Local News

February 26, 2012

Saving ‘287(g)’

Cut in funding proposed for criminal alien ID program


By the numbers

A breakdown of 287(g) activity in 2011 shows 672 inmates interviewed who were suspected of being illegal aliens, with 443 detained for further evaluation. Fifteen were found to be aggravated felons; 358 were ordered to appear in court for adjudication of offenses; 37 were found to have been deported, re-entering the country but processed for removal again; and 13 were already ordered to be deported. Two were found not to have committed serious crimes but were still in the country illegally.

In 2010, there were 979 inmates interviewed and 609 inmates evaluated. Of those, 20 were found to be aggravated felons, 475 were ordered to appear in court, 48 were found to be re-entries and 13 were already in deportation status.

Capt. Wes Lynch, who heads up the 287(g) program at the sheriff’s office, said the numbers are down for a reason.

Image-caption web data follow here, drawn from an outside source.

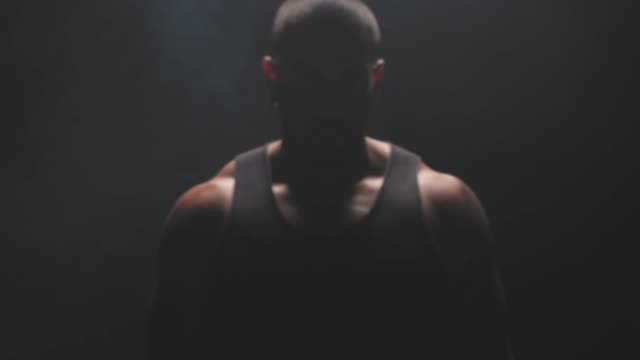 Portrait-shot-of-a-muscular-black-man-staring-at-the-camera-on-a-foggy-dark-background.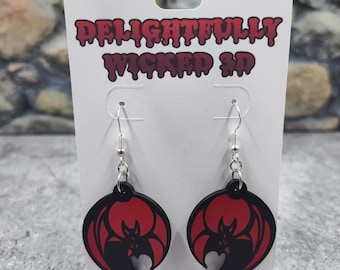 May include: A pair of black and red bat earrings with silver hooks. The earrings are on a white card with the text "Delightfully Wicked 3D".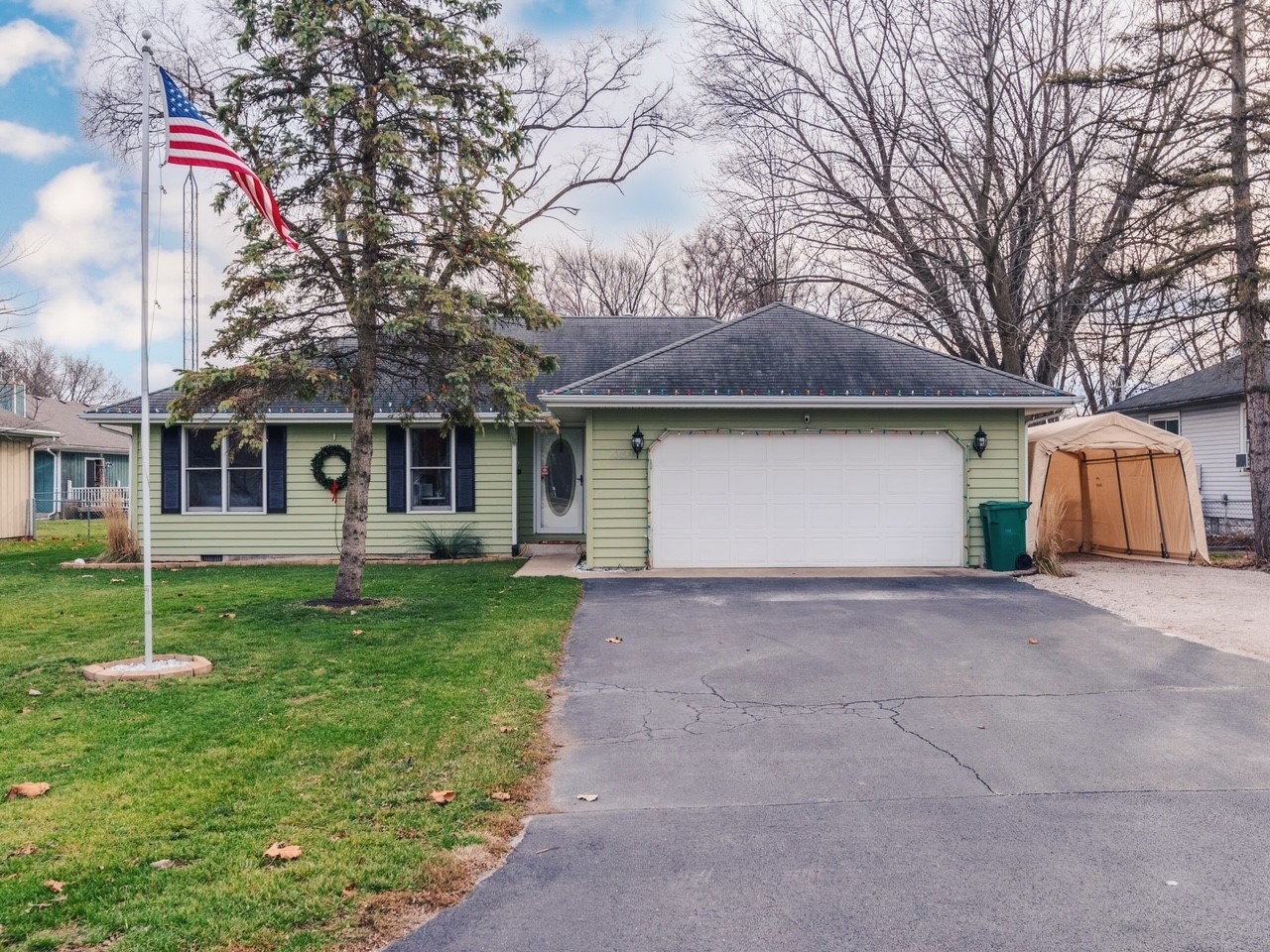 319 West Cermak Road Braidwood, IL 60408 - Photo 1 of 32 a house that has a tree in front of it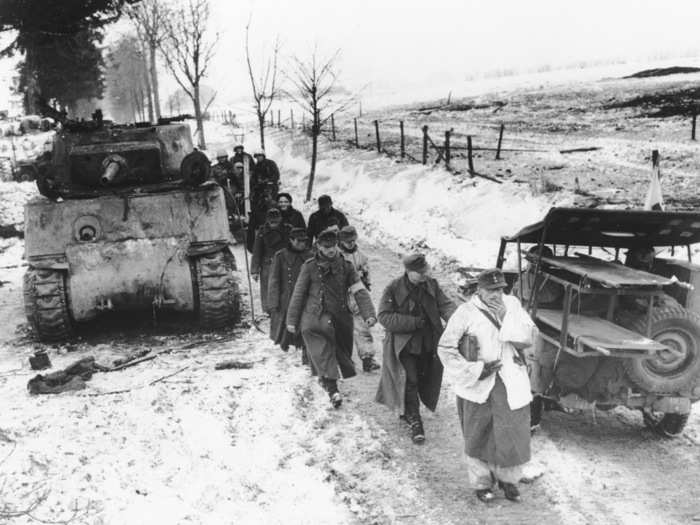 German captives walk past a disabled tank as they are led into captivity by US troops, on January 25, 1945, north of Foy, Belgium, in the final days of the Battle of the Bulge.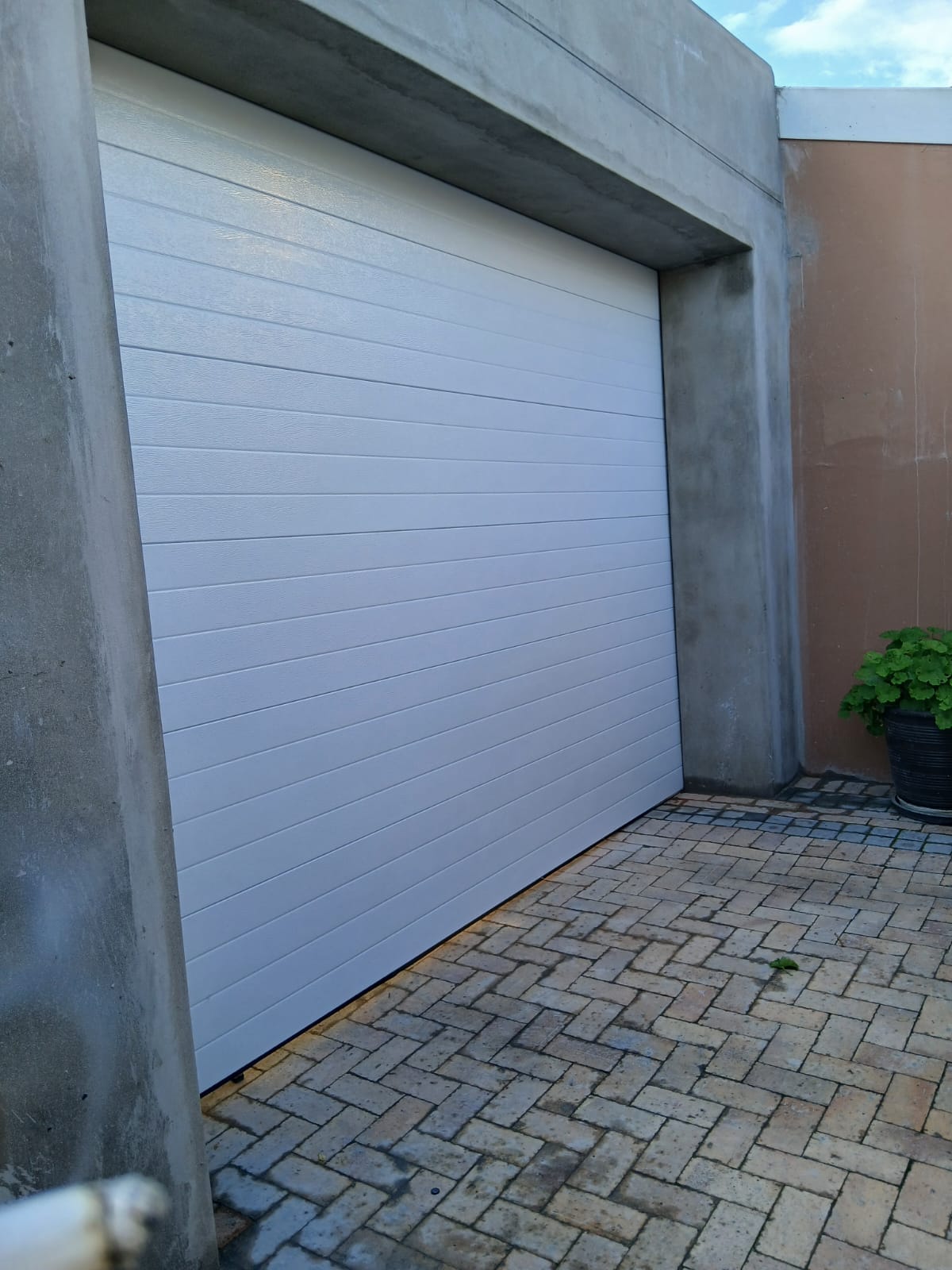 White sectional garage door in a concrete surround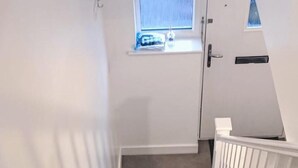 Eine Treppe mit Teppichstufen, weißen Geländern und einem kleinen Fenster am Oberende.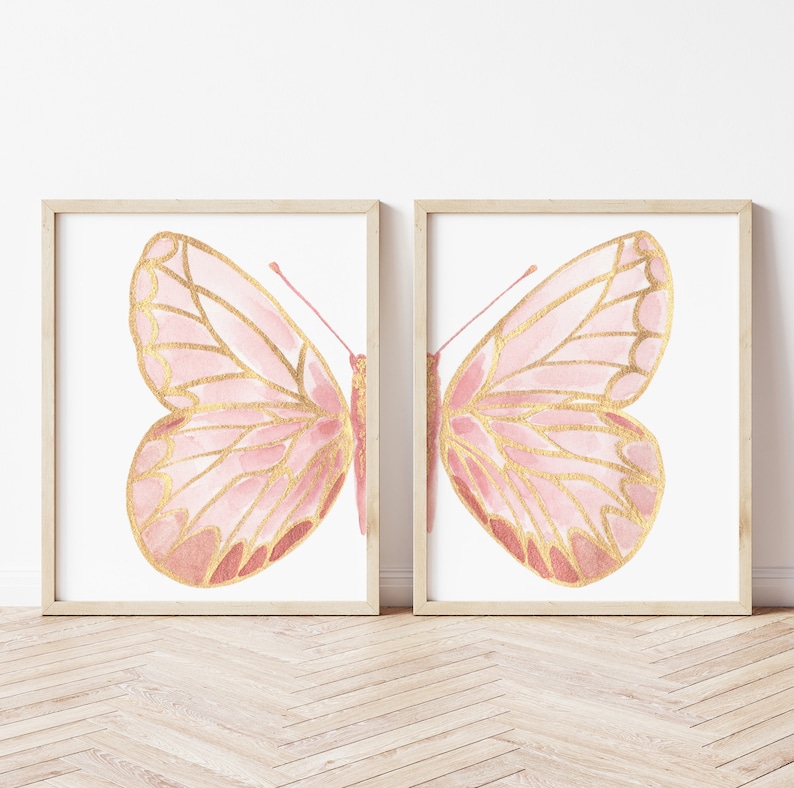 May include: Two framed prints of pink and gold butterflies. The butterflies are watercolor illustrations with a delicate, feminine style.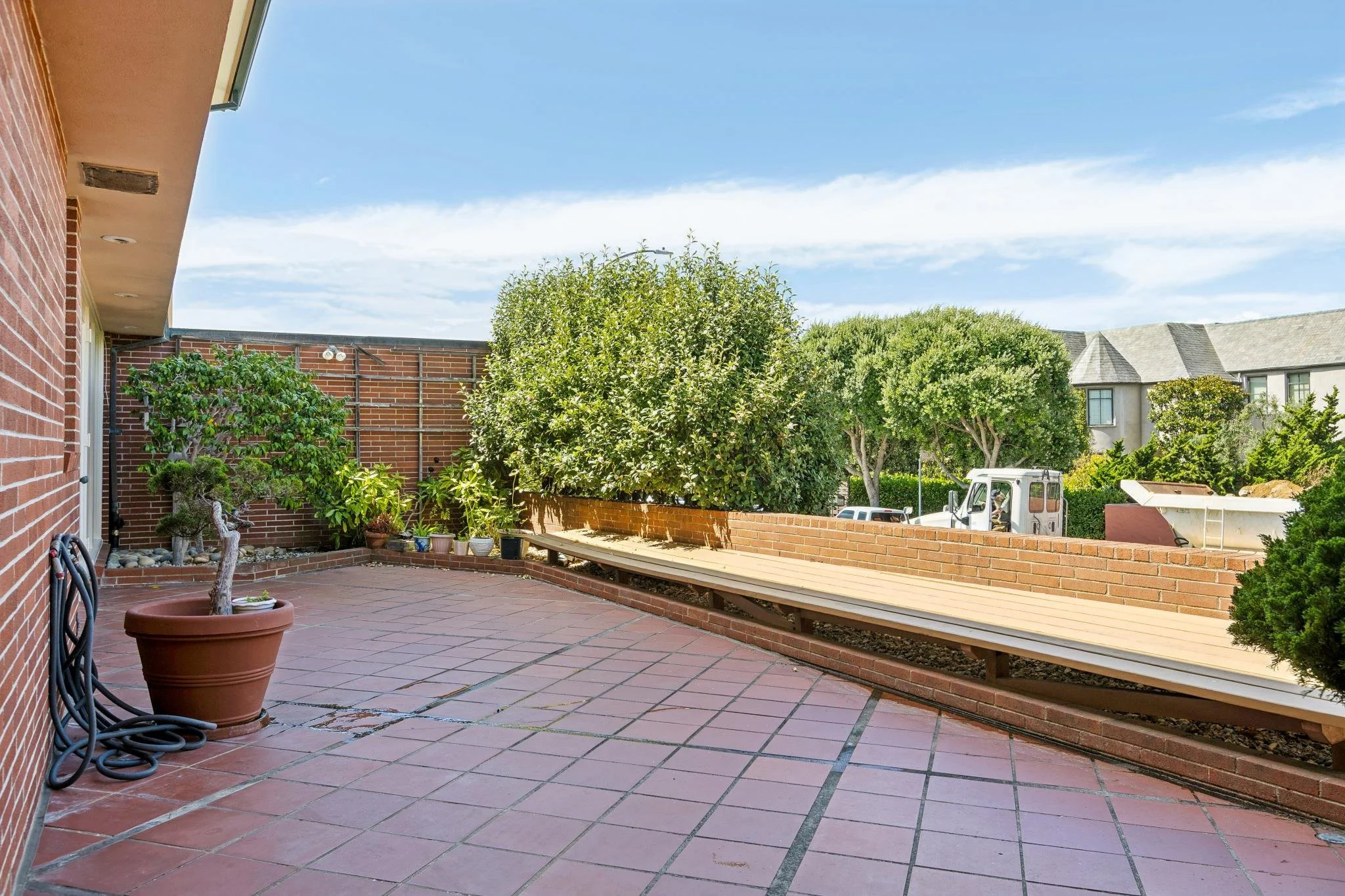 A spacious brick-paved backyard patio with potted plants, trees, and a wooden bench. The patio is enclosed by a brick wall, and there are houses and a blue sky with clouds in the background.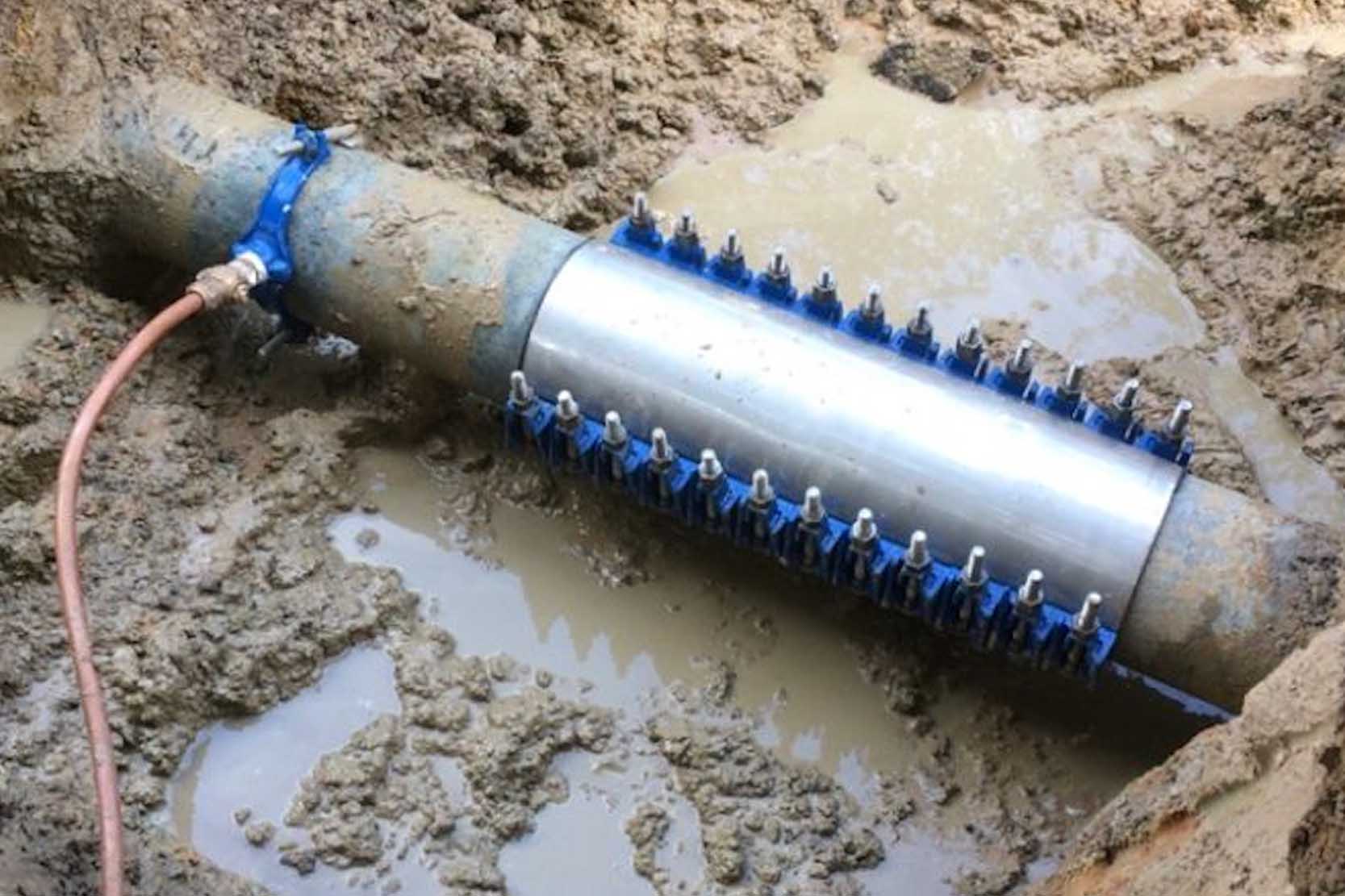 A stainless steel repair clamp installed on a leaking water pipe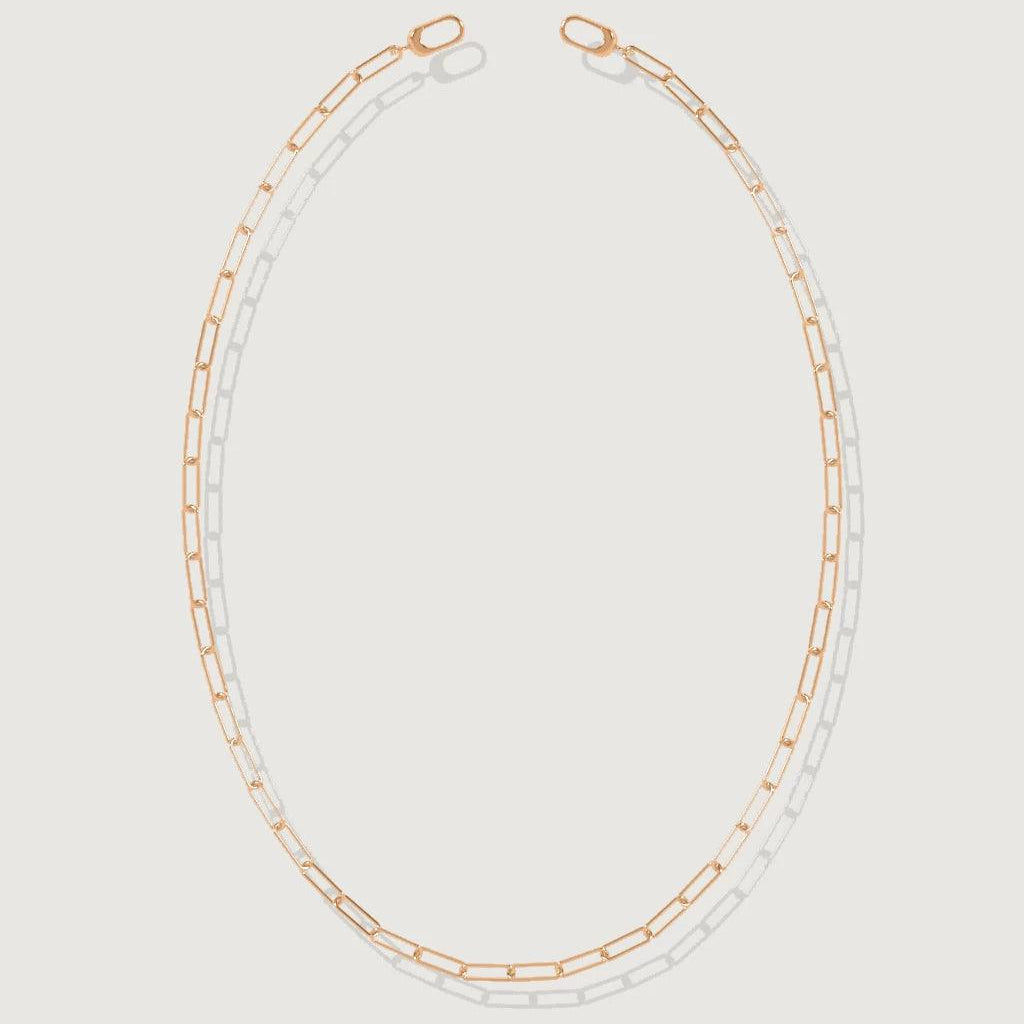 Elegant rose gold paperclip chain necklace laid flat on white background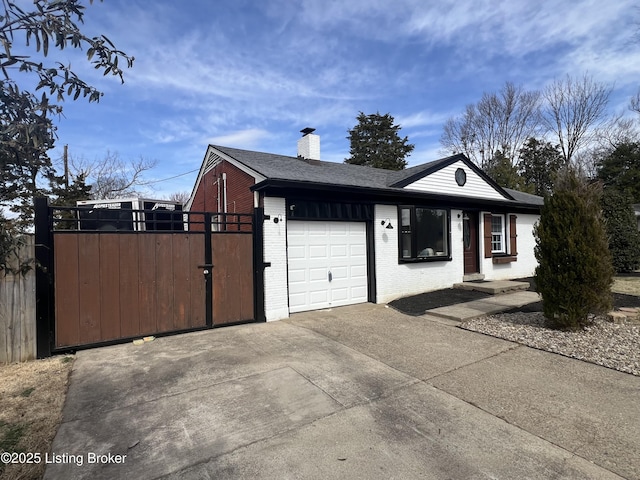 view of front of property with brick siding, a chimney, an attached garage, a gate, and driveway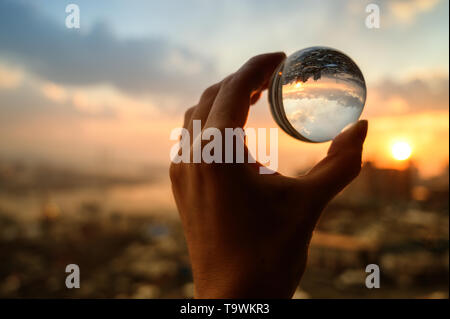 La mano trattiene Palla di vetro che riflette il Cielo di tramonto sulla città. Foto Stock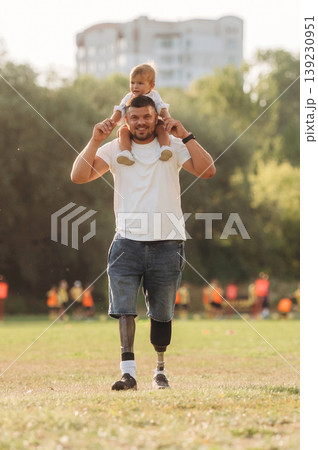 The amputee father is with his son on the field The amputee father is with his son on the field 139230951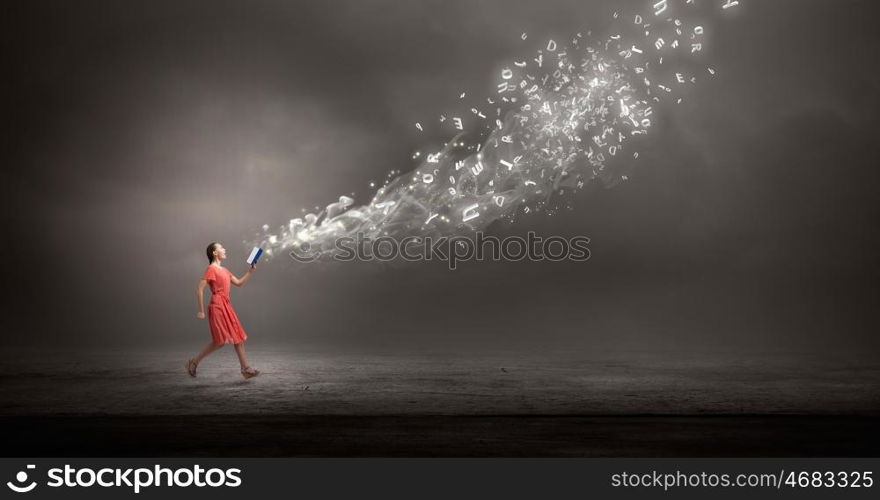 Attractive woman with book. Young woman in red dress running with book in hand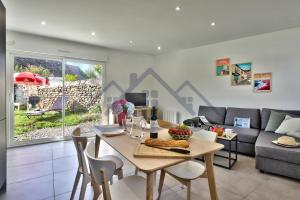 a living room with a table and a couch at LocaLise - M44 - Ty Juzolie -Maison de plain-pied avec jardin clos à deux pas du centre, du port et des plages du Guilvinec - Wifi inclus - Linge de lit inclus - Animaux bienvenus in Le Guilvinec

“Many of the recidivist criminal aliens have been removed from the community and this affects the numbers,” he said. “Also, arrests of criminal aliens, in general, have been down. And we are encountering more and more aliens or inmates who were formerly aliens who now have some sort of legal status or citizenship. We did a study on the local level last year and determined that, of the illegal aliens that we encounter who have committed serious offenses, more than half have had no criminal history up to that date. This may be due to the fact that we have no record of their conduct in their home country. In any case, it shows that we cannot rely solely on an alien’s criminal history to determine if they are a threat to the community.”